Your argument shows that the $0$ section in $\mathcal B(X)$ is the image of the $0$ section in $\mathcal A(X)$, but that's far from establishing exactness of the sequence at either $\mathcal A(X)$ or $\mathcal B(X)$. Exactness at $\mathcal A(X)$ means that the only section in $\mathcal A(X)$ that maps to the $0$ section in $\mathcal B(X)$ is $0$, and this can be established by a stalk-wise argument similar to what you wrote (but starting with an element of $\mathcal A(X)$).

As for exactness at $\mathcal B(X)$, the fact that the composite map, from $\mathcal A(X)$ to $\mathcal C(X)$, is zero is again easy to check stalk-wise.
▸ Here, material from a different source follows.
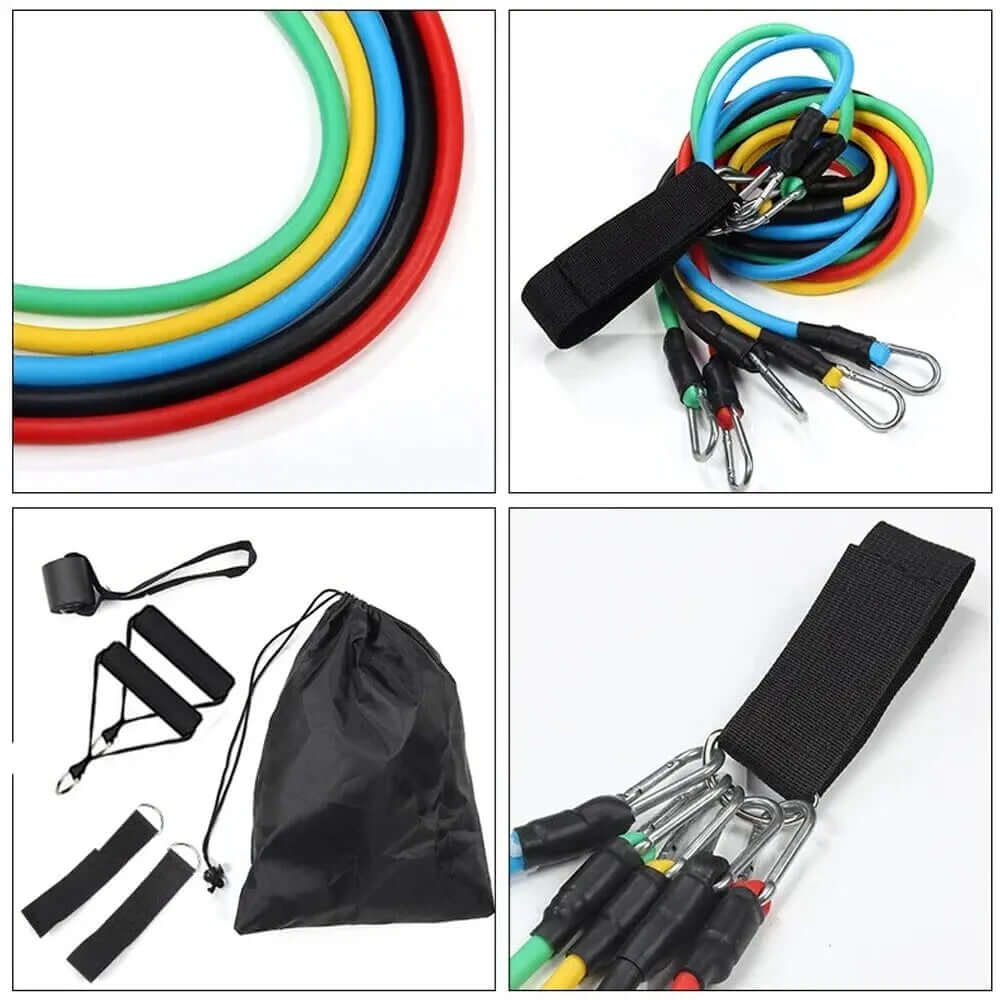 11pcs Resistance Bands Set - Portable Fitness Equipment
The crux of the issue is that any section $s$ in $\mathcal B(X)$ that maps to zero in $\mathcal C(X)$ comes from a section in $\mathcal A(X)$. A stalk-wise argument gives you that $s$ can be lifted locally near each point $x\in X$; that is, $x$ has a neighborhood $U_x$ over which there is a section $q_x$ in $\mathcal A(U_x)$ that maps to (the restriction to $U_x$ of) $s$. You need to patch together all these $q_x$'s to a single section over all of $X$, which will then map to $s$. The necessary patching is possible, because $\mathcal A$ is a sheaf, provided the various $q_x$'s agree on the intersections of their domains. To see that $q_x$ and $q_y$ have the same restriction to $U_x\cap U_y$, use the fact that the difference of these restrictions maps to $0$ in $\mathcal B(U_x\cap U_y)$, and invoke the exactness at $\mathcal A(U_x\cap U_y)$.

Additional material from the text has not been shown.